En terapia cognitivo-conductual, enseñamos a niños y adultos por igual que los acontecimientos que suceden todos los días puede que estén o no bajo nuestro control. Sin embargo, nuestra actitud y nuestros pensamientos hacia esos acontecimientos afectan a nuestras emociones, nuestras reacciones conductuales, estados internos (por ejemplo, dolor de cabeza, de estómago).

Así que, para poder mejorar el cómo nos sentimos, primero debemos volver a los pensamientos, que a veces parecen automáticos, y cuestionar aquellos que son dañinos o exagerados. Luego, hemos de esforzarnos en redefinirlos de una forma más realista y positiva.

Básicamente, aplicamos el libre albedrío, induciendo un mayor razonamiento e incrementando la consciencia sobre cómo pensamos y actuamos.

De otra forma, podríamos experimentar problemas conductuales y emocionales significativos, incluyendo ansiedad y miedos innecesarios (que resulta aquello contra lo que nos advierte en primer lugar Dios en la Biblia: No tengáis miedo).

Como cristianos, sabemos que podemos usar la oración para pedir la ayuda de Dios para reducir las emociones negativas. Pero Dios también nos regaló la capacidad de “redefinir”.

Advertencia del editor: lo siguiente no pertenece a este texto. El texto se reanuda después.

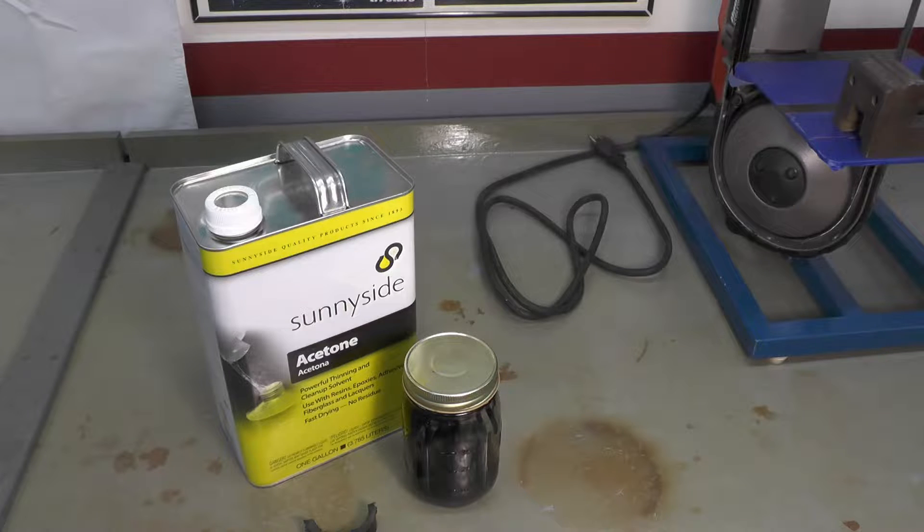Welcome back folks. I thought I would share with you today in this brief video the process I use to create the plastic slurry I occasionally use to repair ABS plastic items on these old Japanese motorcycles. I don't know whether modern bikes use ABS still, but I know the bikes from the era that I typically work on do. And it's really simple.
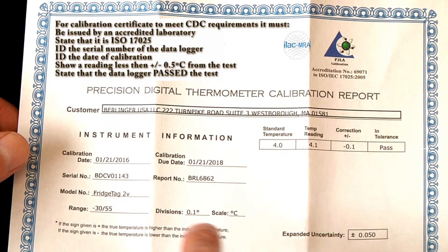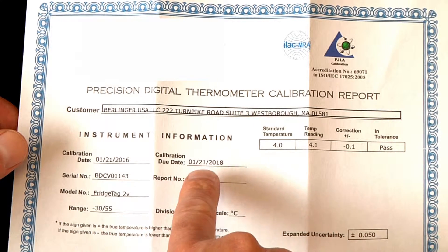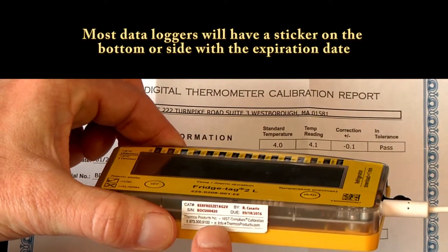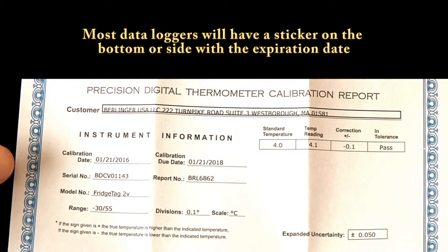It's important to also note the calibration due date or expiry date — in this case it's January 21st, 2018. Most data loggers will also have a sticker on the bottom or the side reminding you of when it expires. That's an important date to replace your data logger.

Es posible que no consideremos esta “re-definición” como una tarea espiritual. Pero si la unidad con Dios comienza con la libertad, y los vicios nos impiden buscar Su perfección, entonces cualquier ejercicio que empleemos para unir nuestra voluntad con la Suya resulta una apertura a lo auténticamente divino.

En todas las Escrituras vemos que los profetas y los apóstoles no trabajan con Dios desde una posición de méritos, sino de voluntad. La simple voluntad propia crea esa apertura; nos conecta con lo divino.

Aquel día sentado con este muchacho, todo quedó claro. No soy responsable de su salvación. No soy responsable de su vida. Pero sí soy responsable de entregar de mí aquello que le ayude a trascender sus retos. Llamémoslo terapia. Llamémoslo orientación psicológica. Llamémoslo como queramos. Pero a fin de cuentas, mi esperanza es que su libre albedrío, su libertad, sea un poco más del estilo a Hágase Tu voluntad.